Wednesday, October 8, 2008

Packing it in.

Five-hundred posts ago, I started the Cigarette Smoking Blog on a drunken dare with myself. Nearly a year later, it's time to put the site on extended hiatus as I move to Postmodern Conservative full-time. Please update your blogrolls and follow me as I make this exciting transition. (I can also be found at here and here with decent regularity.)

Curious new-comers, nostalgic old-timers, and browsers who got here by Googling my name may be interested in an at-a-glance guide to CSB's greatest hits; please consult the Table of Contents.

Wednesday, October 1, 2008

Bliss it was in that dawn to be alive, but to be Pomocon was very heaven.

I am Not Done with Woody Allen Yet

Shmuel Ben-Gad has posted a provocative diary titled "Are Woody Allen's Films Vile?" No prizes for guessing his conclusion:
. . . Mr. Allen's films, I think, fall far short of excellent satire because such satire requires, at least implicitly, an alternative to that which it scorns.
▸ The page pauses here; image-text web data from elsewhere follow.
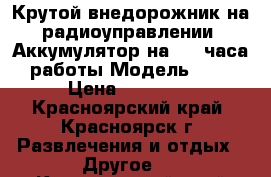 Крутой внедорожник на радиоуправлении. Аккумулятор на 2-3 часа работы Модель 1/8 › Цена ­ 11 000 - Красноярский край, Красноярск г. Развлечения и отдых » Другое   . Красноярский край,Красноярск г.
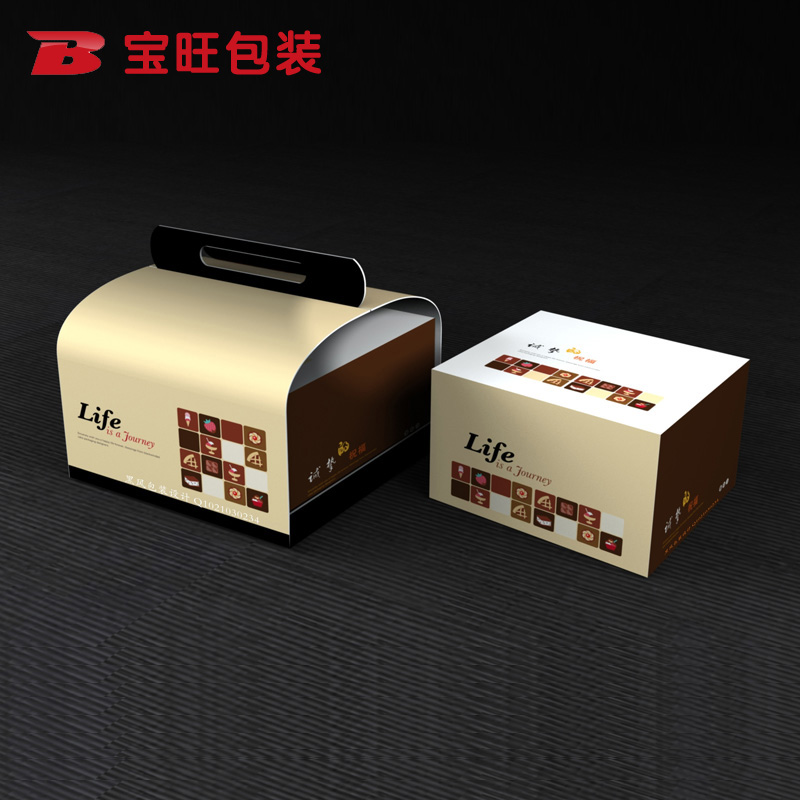 食品包裝盒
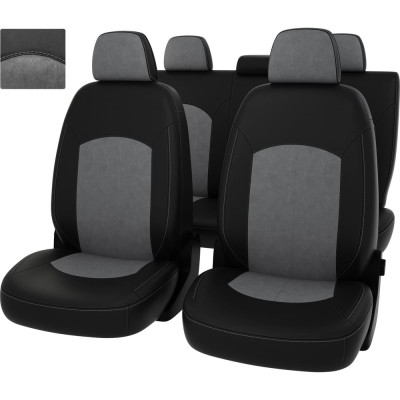 Чехлы PSV для Mazda CX 5 2015-2017 г.в., рестайлинг, 40 20 40 заднее сиденье 124927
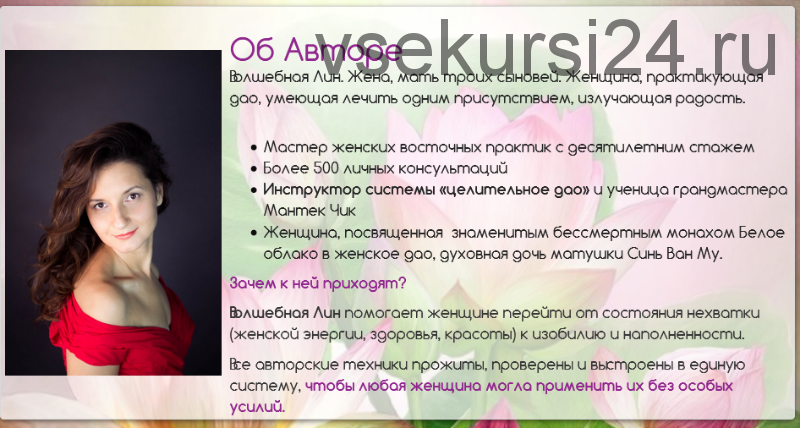 Эко-омоложение. Как работать с мышцами лица, противоотечный комплекс, блок 1,2 (Волшебная Лин)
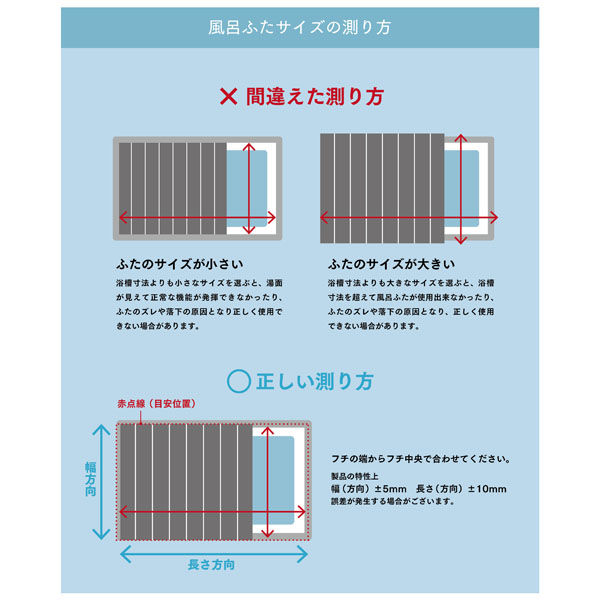 ミエ産業 Ag抗菌折りたたみ式風呂ふた (70×121.5cm) M12ーWH 1枚（直送 ...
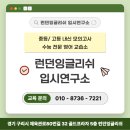 런던잉글리쉬입시연구소영어교습소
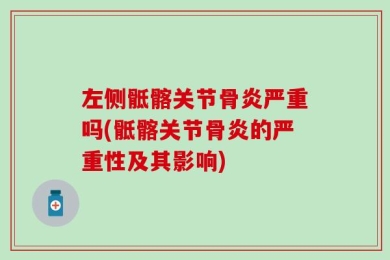 左侧骶髂关节骨炎严重吗(骶髂关节骨炎的严重性及其影响)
But the idea of another way of life, of making the choice to be faithful to someone and exercising self-restraint to honor that commitment, does not seem a living option to these people or, ultimately, I daresay, to Mr. Allen.

One is not demanding that Woody Allen show a sentimentalized married couple to "balance" the anarchic sexual lives he depicts. (I have no use for sentimentality.) What is strange and (to use the word again) sad, is that he seems unable to depict, amongst his casts of characters through many films, characters who seriously try to lead honorable, faithful married lives. I cannot help but suspect that Mr Allen sees no point. He seems to think we have no choice but to be overwhelmed by our passions. I am not sure that his failure to recognize a better way is vile, but it is, I think, morally stunted. And so are his films.
I think he's right that none of Woody Allen's characters are terribly likable or well-intentioned, at least in his late seventies and early eighties New York movies. But that's the point.

Take Husbands and Wives, which has the difficult thesis that any given divorce might be perfectly wise, but a culture of divorce, like the one that existed at that place and time, is more emotionally disastrous than the sum of its parts. From Sydney Pollack and Judy Davis's point of view, their separation made perfect sense. In fact, it made perfect sense from anyone's point of view, at least in terms of everyone's short- and long-term happiness. Still, something about the instability of the situation makes them miserable. (Like the cumulative magic of self-interest in capitalism, but for unhappiness.) If Husbands and Wives is about cultural evils rather than human ones, then everyone has to be equally trapped in the same pathologies. Putting a heart of gold in the cast makes it seem more like Pollack and Davis crash and burn because they're bad people rather than because they're good people trapped in a system that forces them to be bad.